I have been trying to load test my API server using Locust.io on EC2 compute optimized instances. It provides an easy-to-configure option for setting the consecutive request wait time and number of concurrent users. In theory, rps = wait time X #_users. However while testing, this rule breaks down for very low thresholds of #_users (in my experiment, around 1200 users). The variables hatch_rate, #_of_slaves, including in a distributed test setting had little to no effect on the rps.
Experiment info
The test has been done on a C3.4x AWS EC2 compute node (AMI image) with 16 vCPUs, with General SSD and 30GB RAM. During the test, CPU utilization peaked at 60% max (depends on the hatch rate - which controls the concurrent processes spawned), on an average staying under 30%.
Locust.io
setup: uses pyzmq, and setup with each vCPU core as a slave. Single POST request setup with request body ~ 20 bytes, and response body ~ 25 bytes. Request failure rate: < 1%, with mean response time being 6ms.
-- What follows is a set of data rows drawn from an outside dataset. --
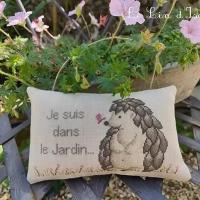 Herisson je suis dans le jardin fiche de broderie le lin d isabelle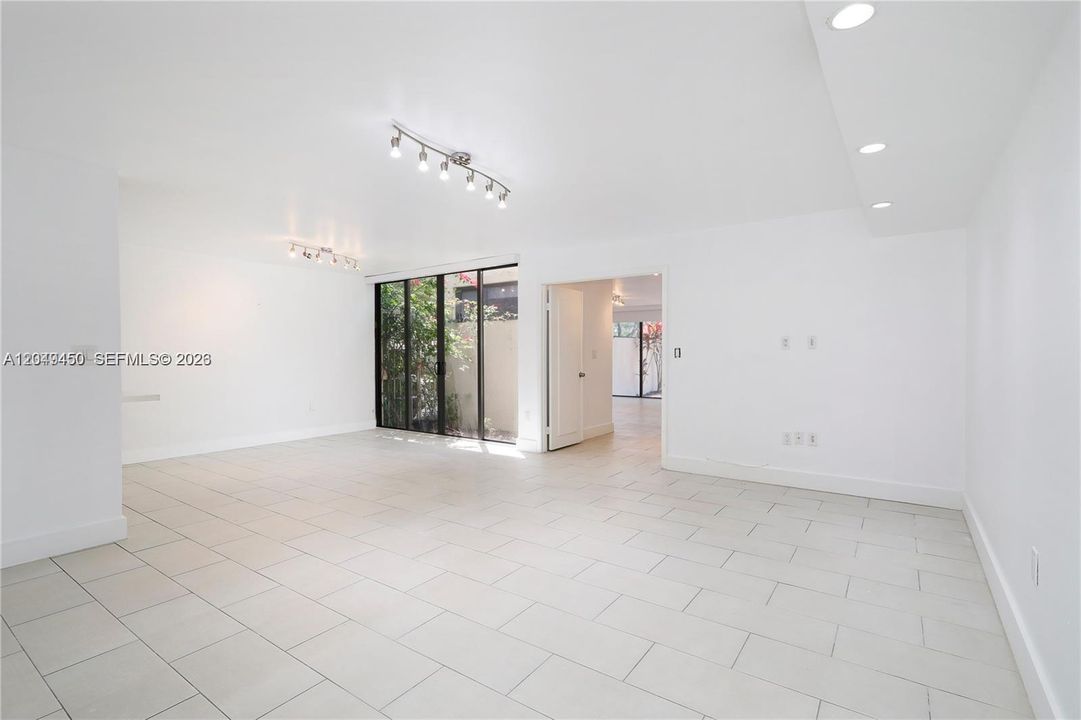 For Rent: $3,700 (2 beds, 2 baths, 1465 Square Feet)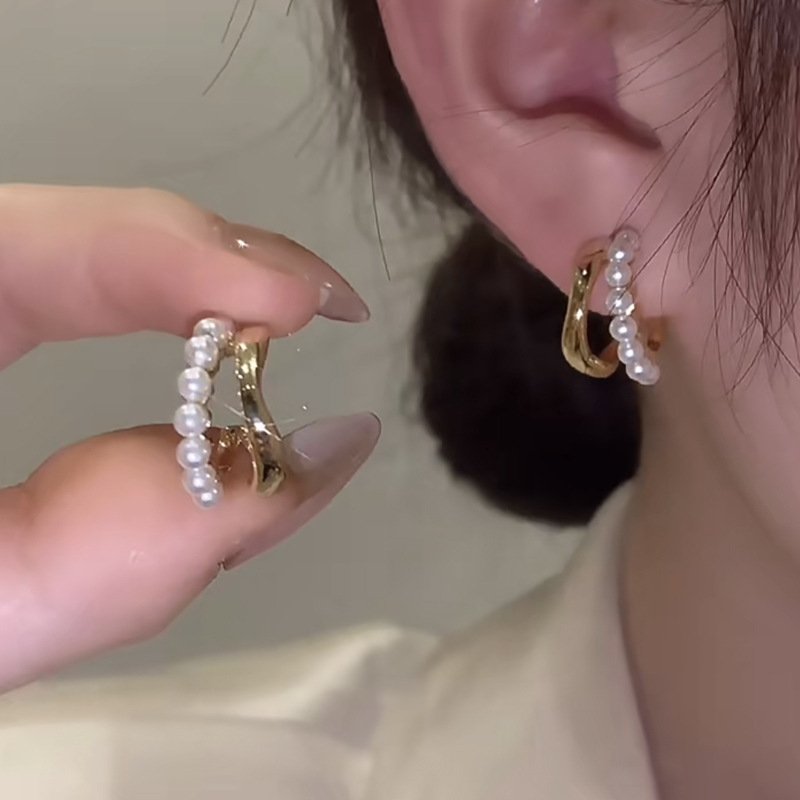 1 Pair Wavy Golden Earring With Pearl - Cute Hoop Earring For Casual, Party & Professional Wears - Simple & Elegant Cuff Earrings For Women, Girls & Teens (Best Gift Ever)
variables: Time between consecutive requests set to 450ms (min:100ms and max: 1000ms), hatch rate at a comfy 30 per sec, and RPS measured by varying #_users.
The RPS follows the equation as predicted for upto 1000 users. Increasing #_users after that has diminishing returns with a cap reached at roughly 1200 users. #_users here isn't the independent variable, changing the wait time affects the RPS as well. However, changing the experiment setup to 32 cores instance (c3.8x instance) or 56 cores (in a distributed setup) doesn't affect the RPS at all.
So really, what is the way to control the RPS? Is there something obvious I am missing here?